About that cup of coffee... just the smell would return some strength to my stretched-to-the-breaking-point, taught, internal string I mentioned earlier. Hot, bitter, black, caffinated goodness. There is a running dialogue between some friends and I that coffee is basically the nectar of the gods.
Upon finding a novel while hiking, Bill Bryson (in his book "A walk in the woods") was delighted and sublimely gratified saying, "if there is one thing the (Appalachian Train) teaches, it is low-level ecstasy -- something we could all do with more of in our lives." I always try to enjoy the little things in life myself, not always with success. When travelling with a backpack, it is exponentially easier to enjoy such things. When before these moments are taken in with a quick good feeling and a smile or missed all together, you now grasp them with an embrace like a bear hug... I mean you run up to it like you are finishing a marathon, collapse at the line and almost break into tears you are so full of joy.
We found ourselves, out of the drizzling rain, at a coffee shop, ordered the largest grande cup of coffee, and sunk into beautifully cushy lounge chairs on the second floor. I mean, I ran ran up to that finish line and collapsed into that chair. Having a cup of coffee and sitting in that soft armchair was indescribable, just an overload of the comfort senses. How can you reach this level of ecstasy during the daily grind? Not sure if you can.
On top of our extreem enjoyment, we met a man from Seattle also enjoying a cup of coffee (starbucks, how ironic). We had no plan or intention other than to do some serious marinating in those chairs for a long period of time (it had already been a chunk of time). However, unknown to us at the time, we were about to begin an enjoyable long day.
Joel, our new english speaking friend (if you speak english in a foreign land, you are automatically befriended), is a world traveller and free lance writer who was laid over in Madrid on his way to India. We were contemplating things to do for the next twelve hours until our train left for Bilbao and decided to see a museum that Joel had visited some years back.
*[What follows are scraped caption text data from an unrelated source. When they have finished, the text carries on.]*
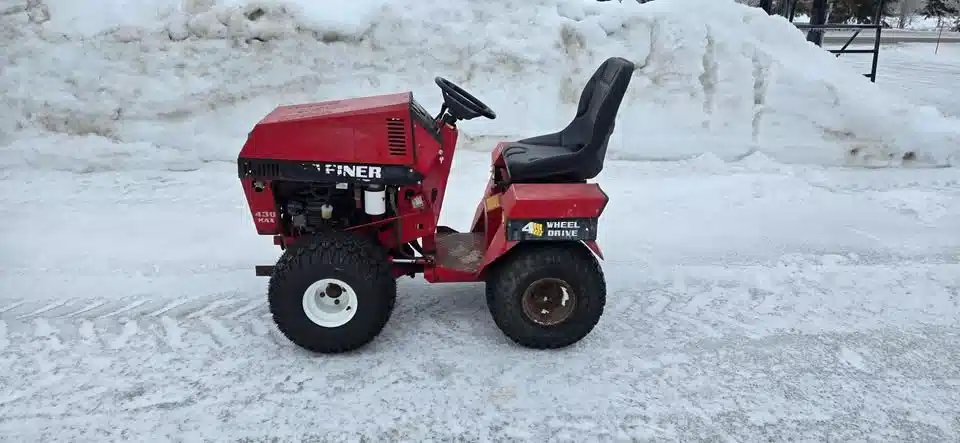 Gallery image 2 for Steiner 430 Tractor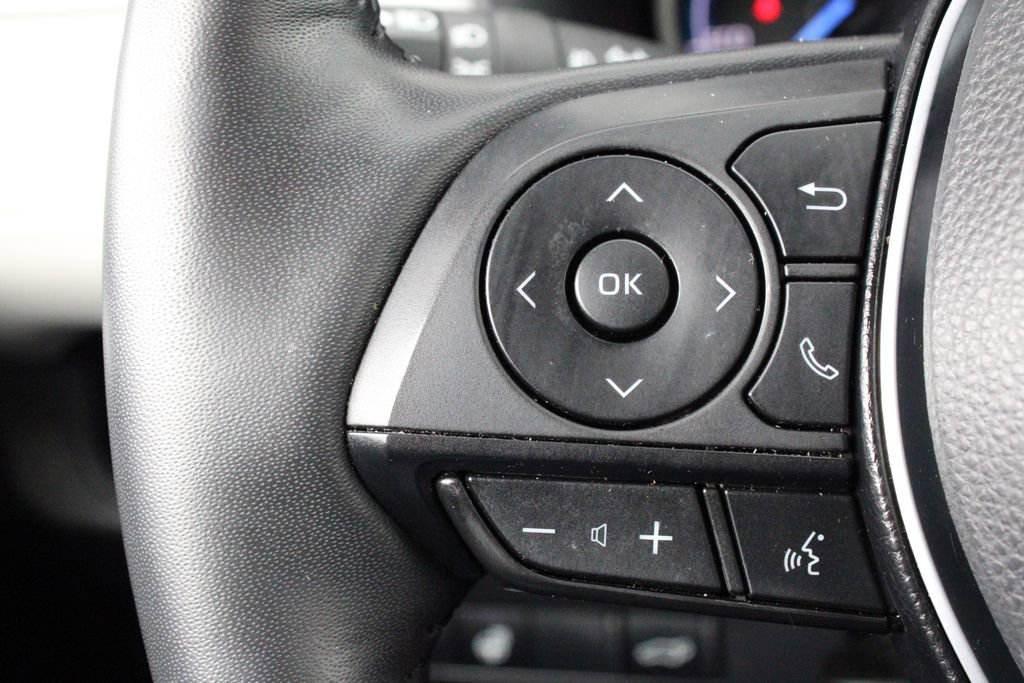 Used 2023 Toyota RAV4 XLE Premium AWD/4WD image 34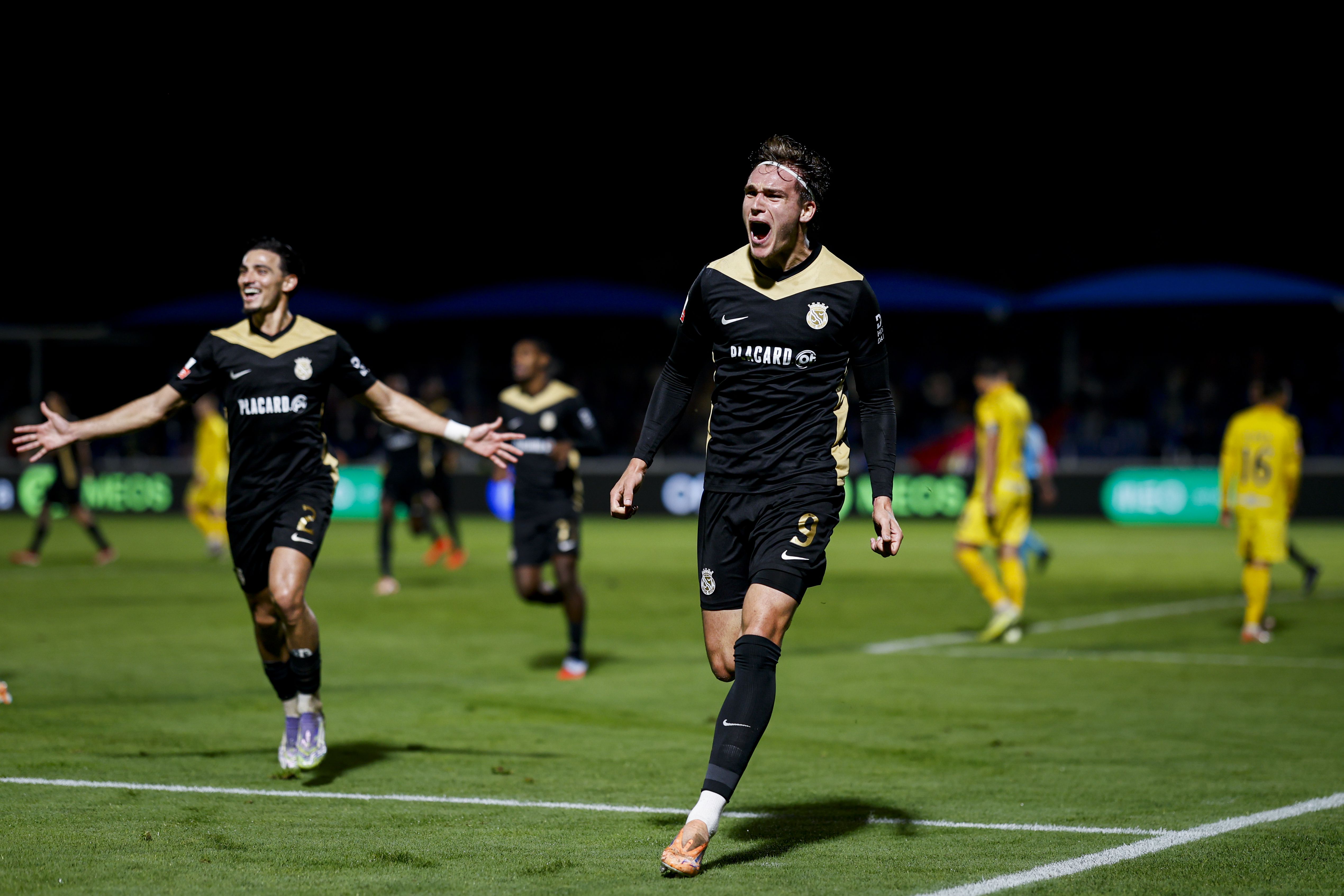 Marezi festeja o golo com que o Alverca derrotou o Nacional. -Foto: FILIPE AMORIM/LUSA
The Museo del Prado, among the thousands of art pieces, has a room containing the "Garden of Earthly Delights" painted by Bosch and several works by Patinir that are just as impressive. I stood and took in Bosch´s work for more than 20 minutes in awe of the complexity and imagination it must have taken to create such a painting. The Flemmish painters room alone was worth the admission. I could have been there for several more hours if I didn´t finally give in to the physical demands from the knees down and the rumbling in my stomach.
Our trio proceeded to chat about everything from photography and art to politics to travel while we sought a place to have a late lunch. After lunch we decided to visit the M.C. Escher special exibit which happened to be in town. By metro and foot, my feet still more or less in shambles and legs on the verge of cramping, we found the exibit.
Escher has been a favorite artist of mine for a while, his trendy works used to hang in poster form on my old apartment walls. Seeing the progression of his work in its entirety was mind boggling. You stare at them utterly amazed. Each one a perfect presentation of lines and contrast, most of them in simple black and white. It is beyond comprehesion how someone could create art like he does. As he progressed with his form, his works play tricks on your mind. You stare as long as you can while he holds you captive making you walk a wire between elation and losing your mind. You just cannot make the leap to understanding but are fascinated.
Some art is considered by art critics to be great. I can appreciate this and most art in some way. Between the Flemmish room in Prado and the Escher exibit, I was completely captivated and in awe. I forgot for a few gracious moments how little sleep I was running on... how my boots had not been off my feet in the better part of two days... how I still had to get back on the train that night... I have no words to describe how amazing those art works for me, they enticed my imagination and mind.
Madrid was a great stop. Starting out as a wreck, pulling the pieces together (the mind is a powerfull thing... thanks also to the coffee), meeting a new friend that shares the wanderlust, enjoying interesting conversation, seeing two art exibits that now top my list, and getting on the next train to Bilbao-- all in less than a day. Some days are just better than others.